== Exercise ==
Starting at the line that contains "The Cauldron Frog, 80s", reproduce only the lines through the end of the data, exactly, including both the first and the last; skip the pictures.

Records supplied: Begin

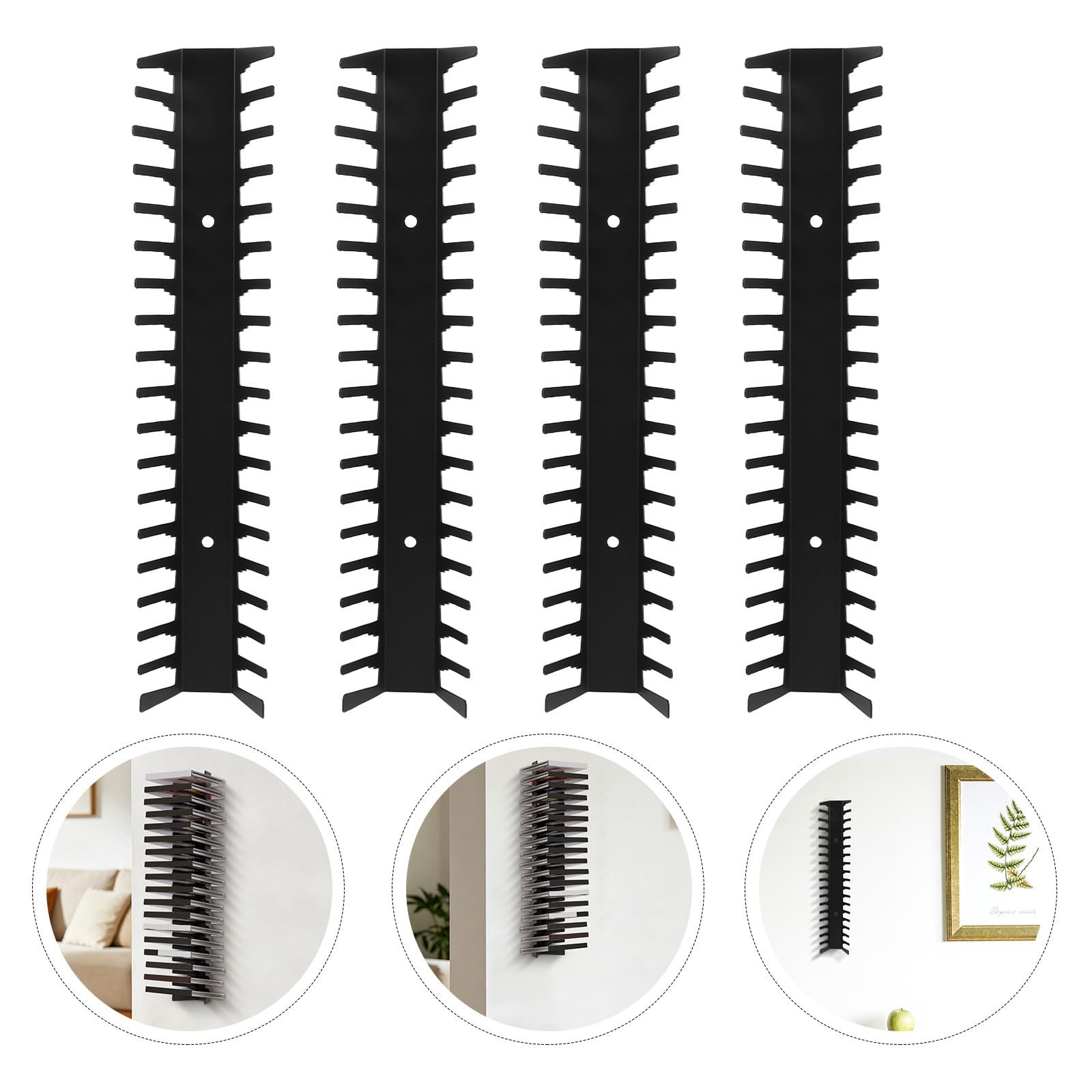 Estantería de Pared para CD y Dvd de Acero al Carbono Negro, Diseño Inclinado y Soporte Estable, Ahorro de Espacio Adecuado para Dormitorios y Salas de Juegos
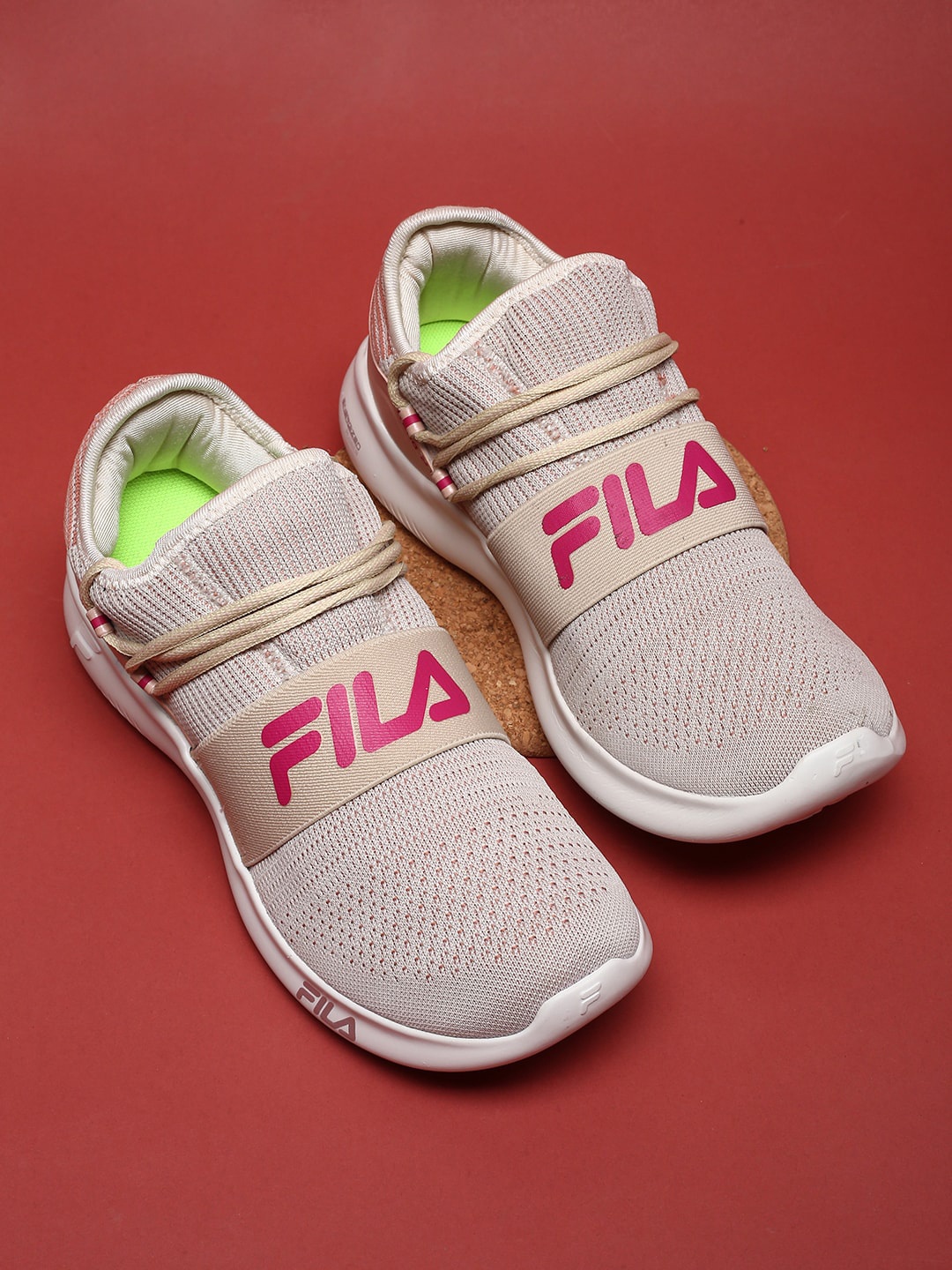 

FILA Women Textured Slip On Sneakers, Beige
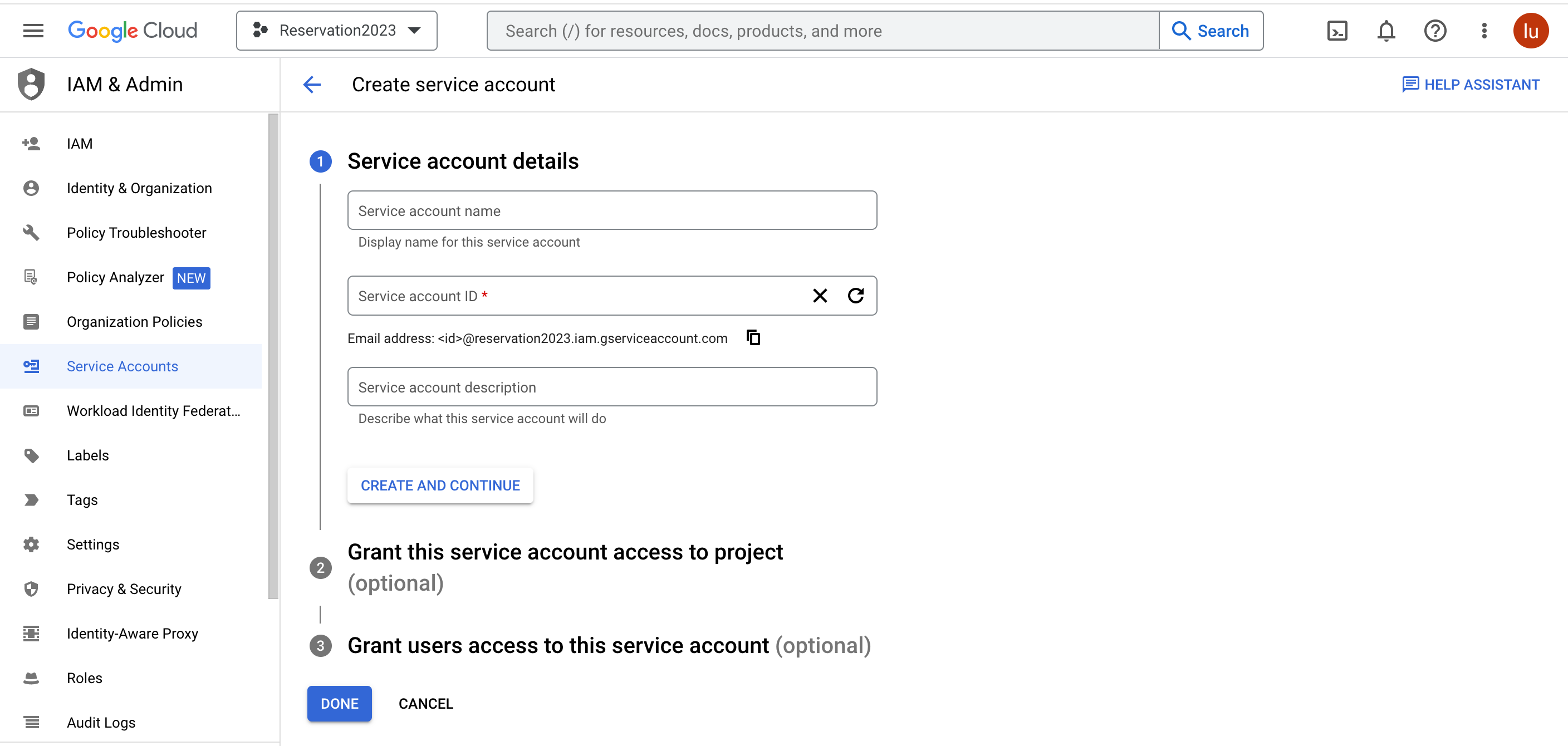 create service account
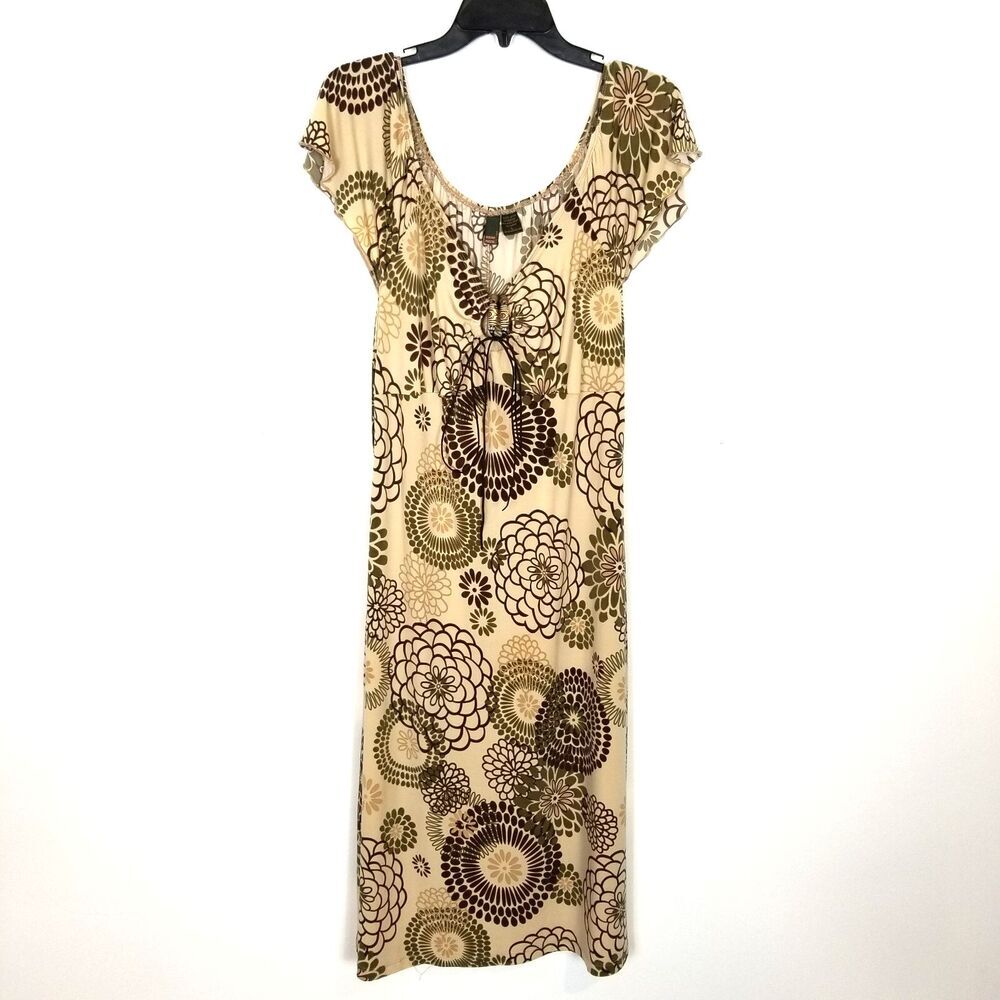VTG Serenade Women Floral Cap Sleeve Midi Dress  L Tie V Neck Y2K Fairy Stretch‎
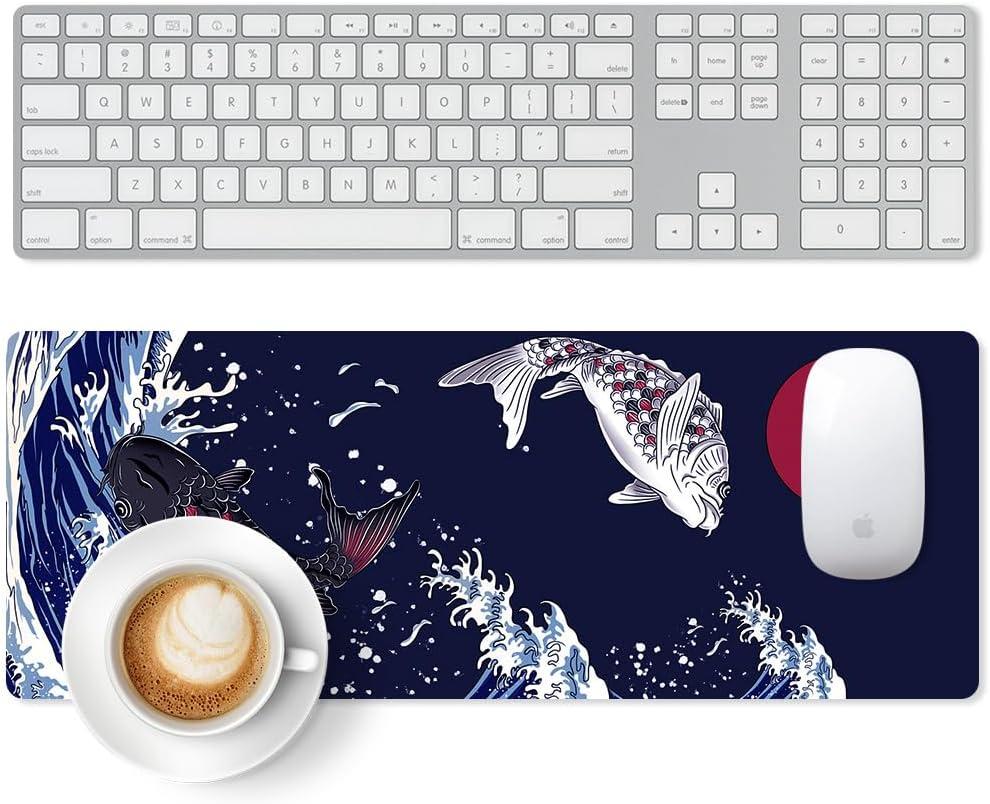 Large Gaming Mouse Pad, Extended Desk Mat with Non-Slip Rubber Base, 31.5 x 11.8 Inch Waterproof Surface, 3mm Thick for Gaming Home and Office (Carp)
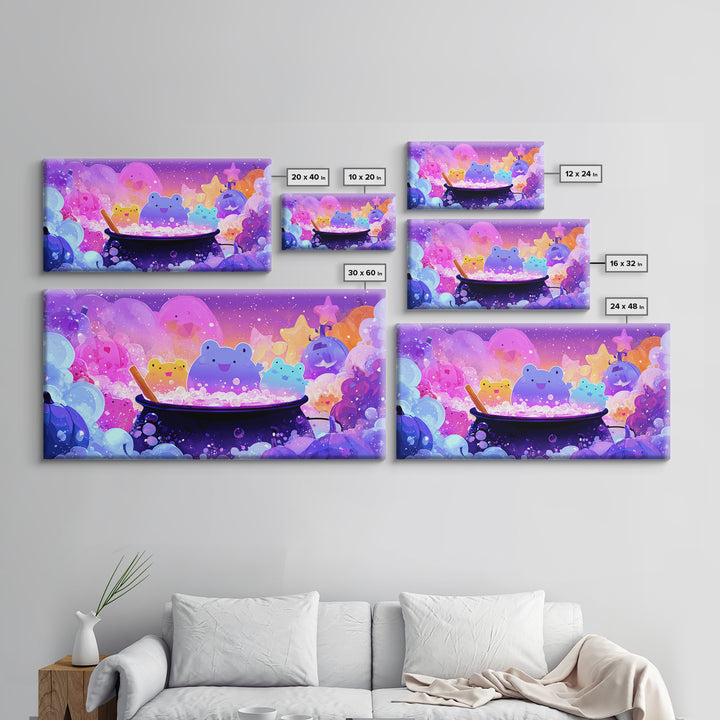 The Cauldron Frog, 80s Halloween Wall Art, Wide Panoramic Art, Canvas Print, Retro Halloween Decor, Neon Wall Art, Seasonal Home Decor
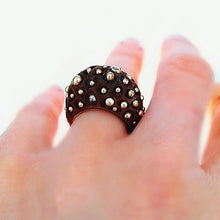 Load image into Gallery viewer, Walnut Ring with Diamonds and Gold in carved wood by Christina Puchi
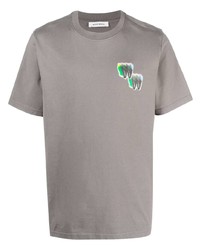graues bedrucktes T-Shirt mit einem Rundhalsausschnitt von Wood Wood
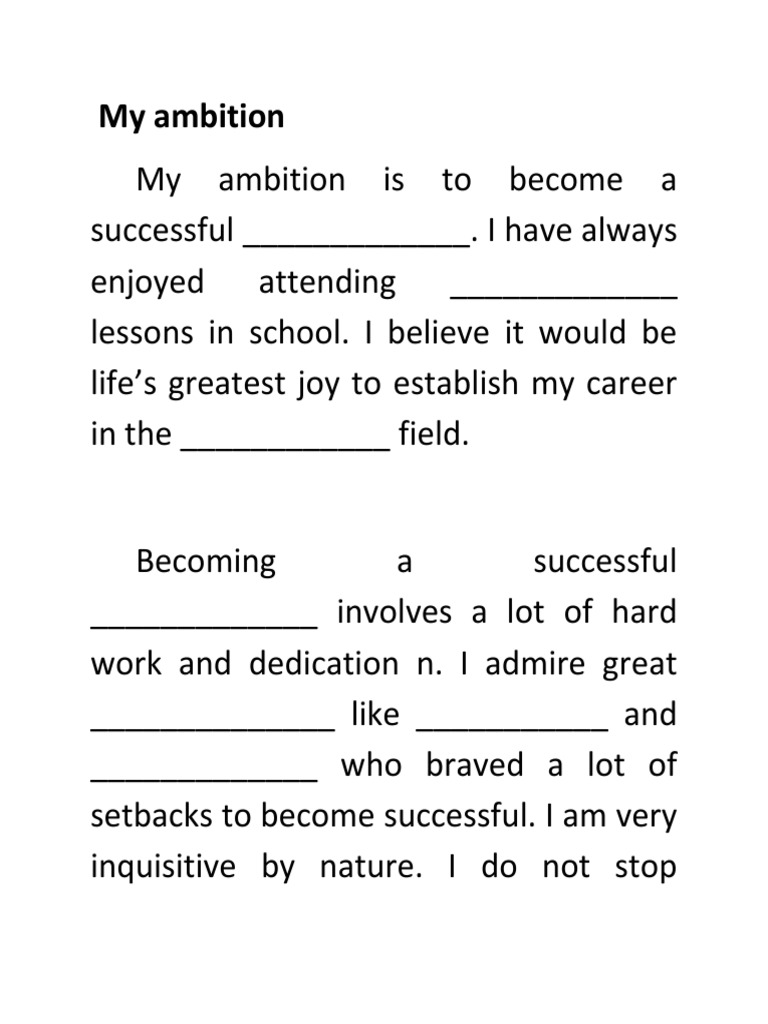 Ambition in life essay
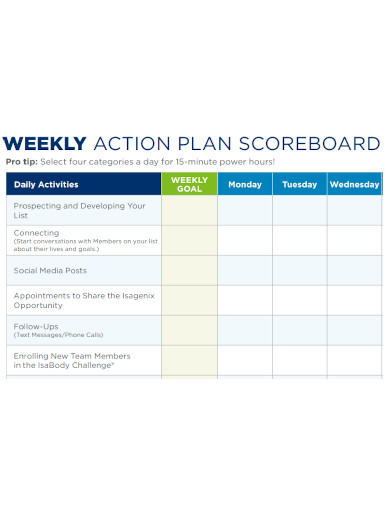 FREE 10 Weekly Action Plan Samples In PDF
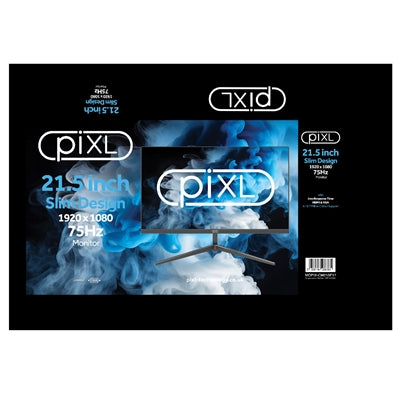 piXL CM215F17 21.5 Inch Frameless Monitor, Slim Design, 5ms Response Time, 75Hz Refresh Rate, Full HD 1920 x 1080, VGA / HDMI, 16.7 Million Colour Support, Black Finish - PC Gear UK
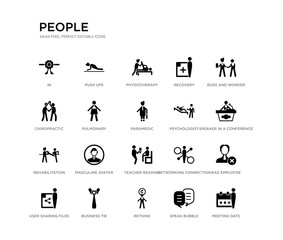 set of 20 black filled vector icons such as meeting date, bad employee, speaker in a conference, boss and worker, speak bubble, rethink, chiropractic, recovery, physiotherapy, push ups. people black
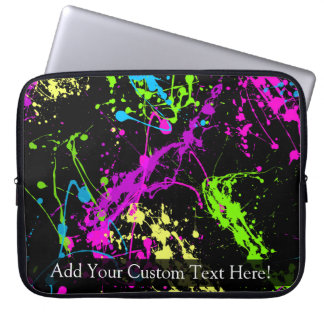 Personalized Black/Neon Splatter Laptop Sleeve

Records supplied: End

== Finished task ==
 The Cauldron Frog, 80s Halloween Wall Art, Wide Panoramic Art, Canvas Print, Retro Halloween Decor, Neon Wall Art, Seasonal Home Decor
 Load image into Gallery viewer, Walnut Ring with Diamonds and Gold in carved wood by Christina Puchi
graues bedrucktes T-Shirt mit einem Rundhalsausschnitt von Wood Wood
 Ambition in life essay
 FREE 10 Weekly Action Plan Samples In PDF
 piXL CM215F17 21.5 Inch Frameless Monitor, Slim Design, 5ms Response Time, 75Hz Refresh Rate, Full HD 1920 x 1080, VGA / HDMI, 16.7 Million Colour Support, Black Finish - PC Gear UK
 set of 20 black filled vector icons such as meeting date, bad employee, speaker in a conference, boss and worker, speak bubble, rethink, chiropractic, recovery, physiotherapy, push ups. people black
 Personalized Black/Neon Splatter Laptop Sleeve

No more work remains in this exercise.